Required work: Shown below is a listing with pictures; reproduce exactly, and only, the lines between the ones containing "Photo of a young" and "four different colors", inclusive, leaving the pictures out.

Records provided:
☆ ☆ ☆ ☆

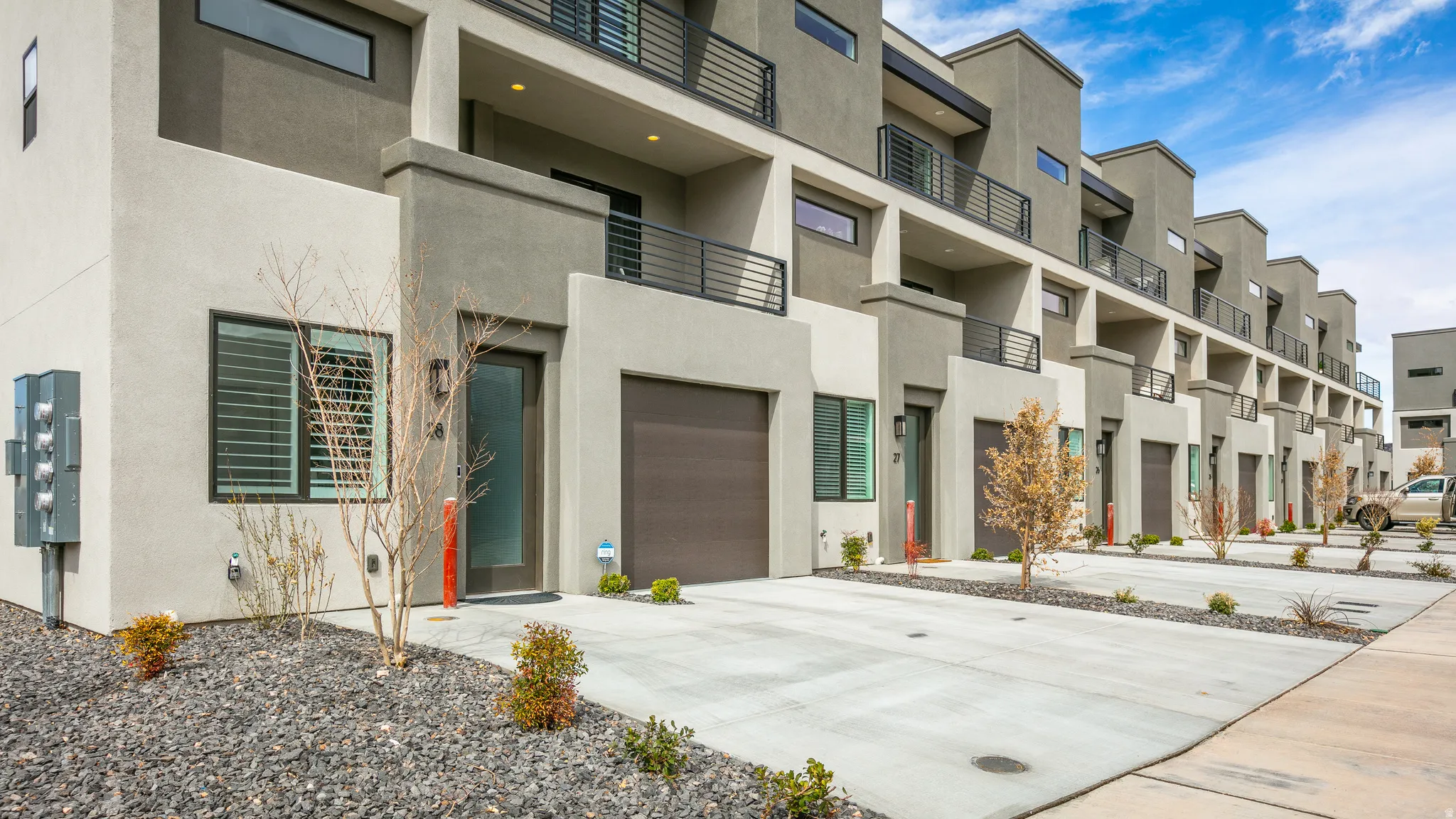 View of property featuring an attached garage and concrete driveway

☆ ☆ ☆ ☆

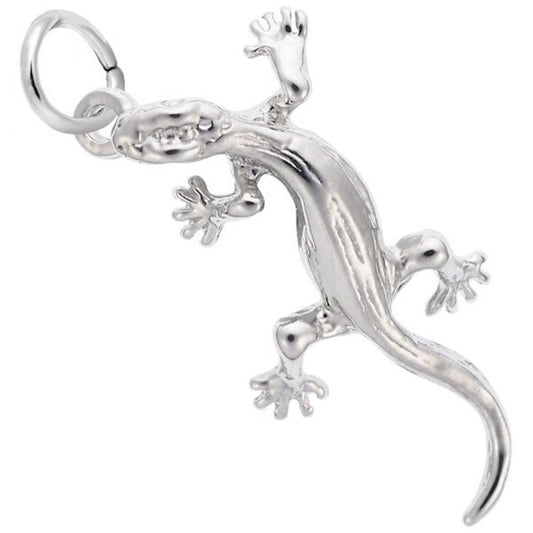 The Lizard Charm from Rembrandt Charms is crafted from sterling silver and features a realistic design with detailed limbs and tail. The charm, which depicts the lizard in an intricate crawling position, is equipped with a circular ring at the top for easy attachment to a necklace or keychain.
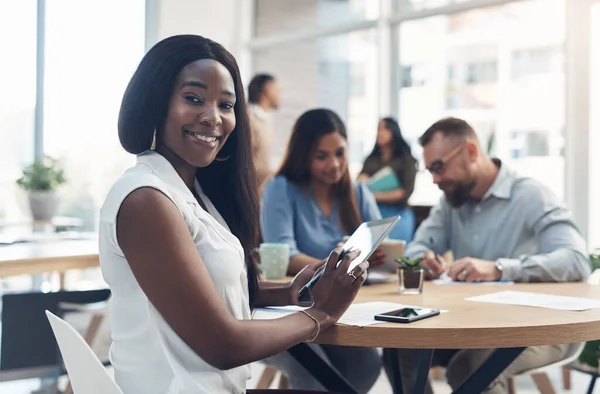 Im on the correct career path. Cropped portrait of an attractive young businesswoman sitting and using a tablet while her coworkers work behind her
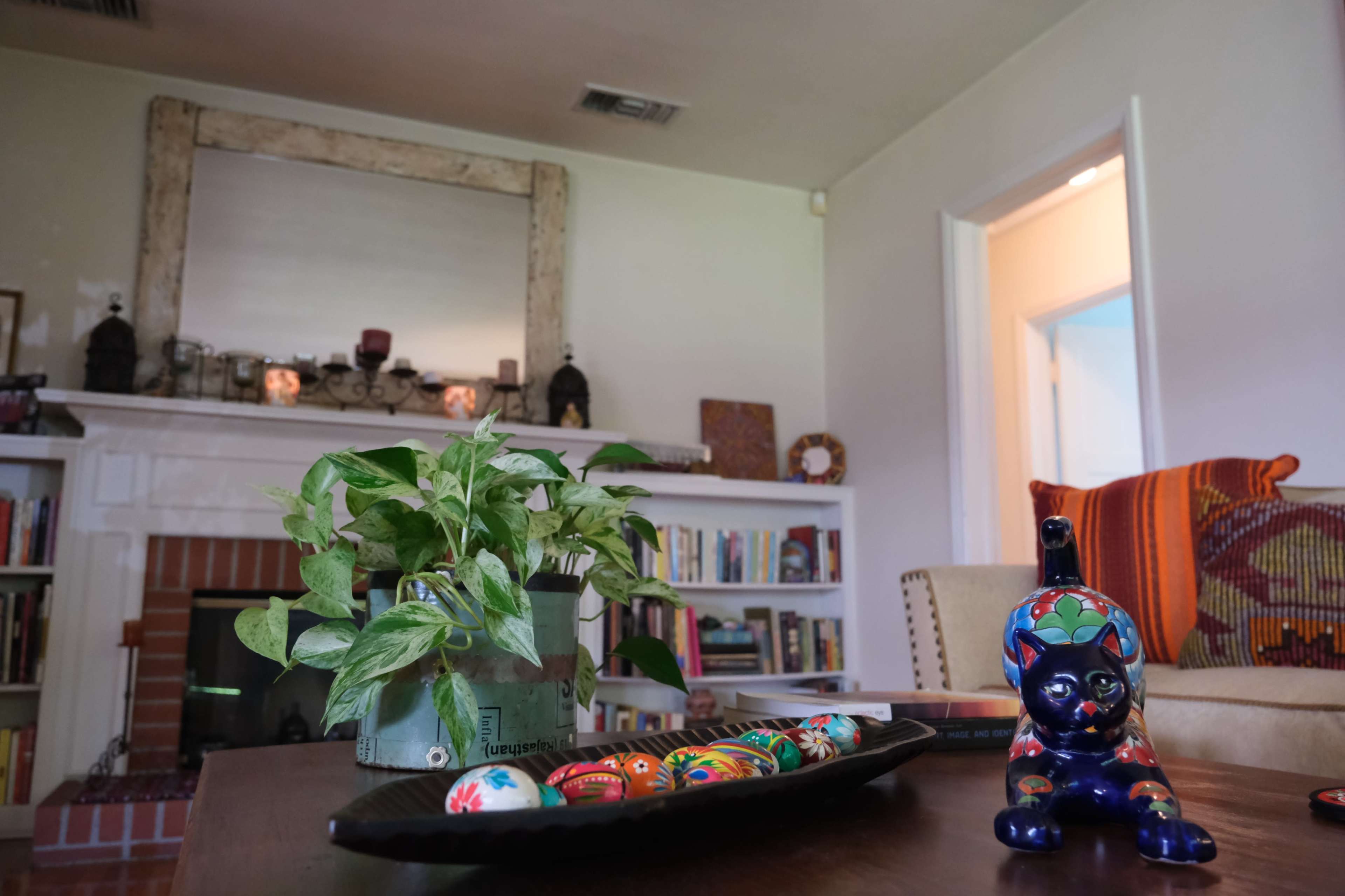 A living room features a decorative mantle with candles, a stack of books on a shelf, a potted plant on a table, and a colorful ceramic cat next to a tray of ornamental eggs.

☆ ☆ ☆ ☆

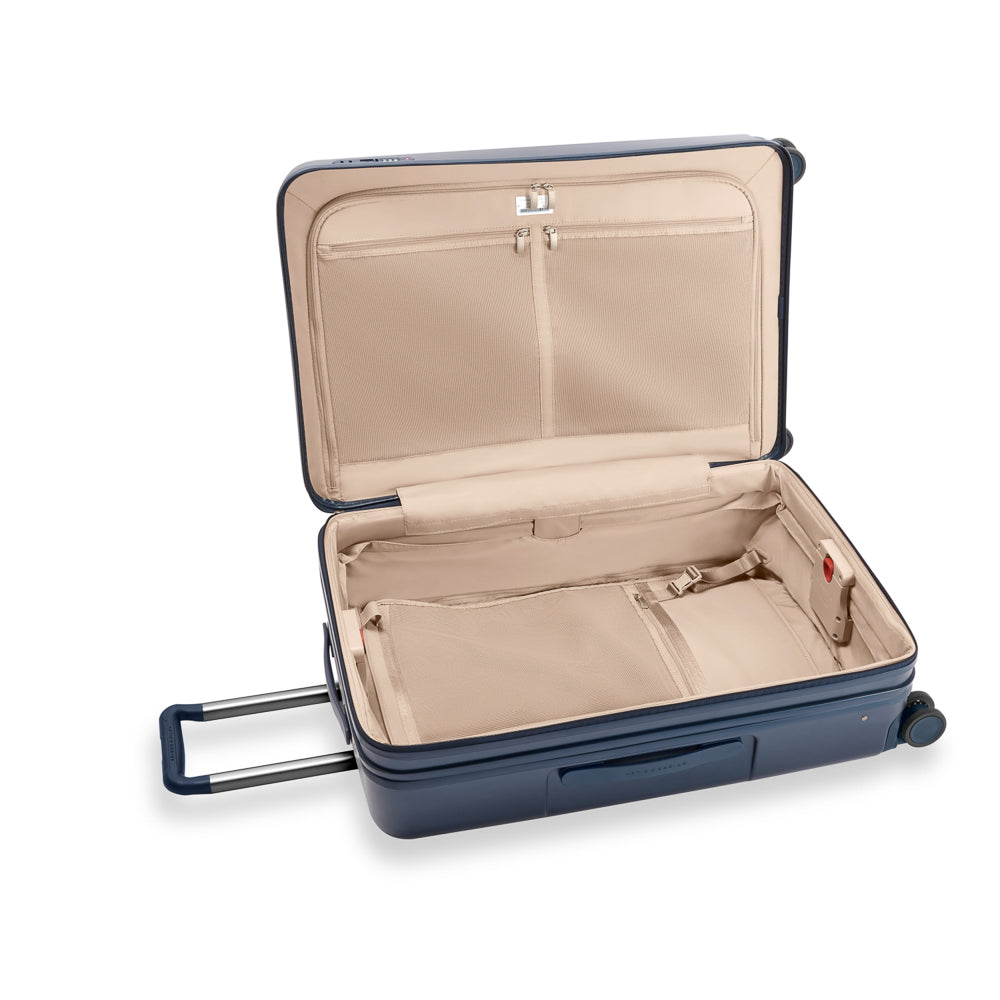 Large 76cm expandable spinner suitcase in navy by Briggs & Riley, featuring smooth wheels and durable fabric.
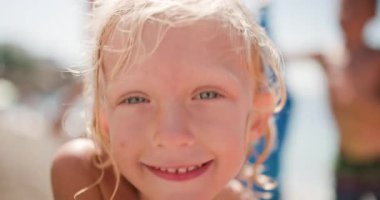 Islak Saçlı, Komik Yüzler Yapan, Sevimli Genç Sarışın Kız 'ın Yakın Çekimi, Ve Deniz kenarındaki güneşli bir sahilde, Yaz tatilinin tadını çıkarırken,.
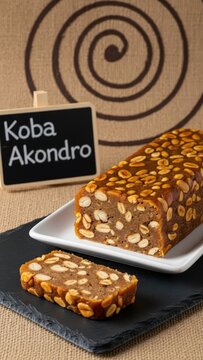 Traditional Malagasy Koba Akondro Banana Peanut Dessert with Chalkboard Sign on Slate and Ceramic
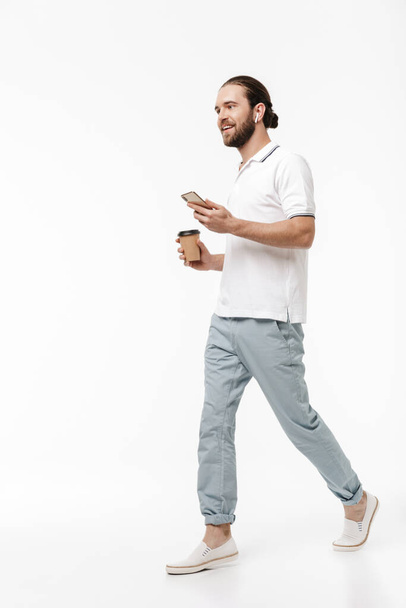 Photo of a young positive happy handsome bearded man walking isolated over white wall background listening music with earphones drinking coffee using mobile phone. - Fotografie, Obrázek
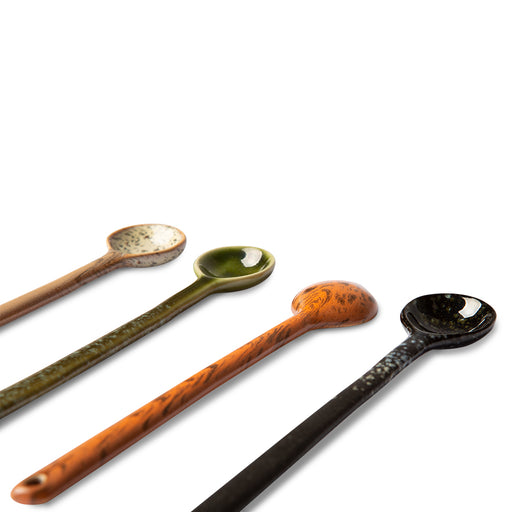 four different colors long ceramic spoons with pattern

☆ ☆ ☆ ☆

Your solution:
 Photo of a young positive happy handsome bearded man walking isolated over white wall background listening music with earphones drinking coffee using mobile phone. - Fotografie, Obrázek
 four different colors long ceramic spoons with pattern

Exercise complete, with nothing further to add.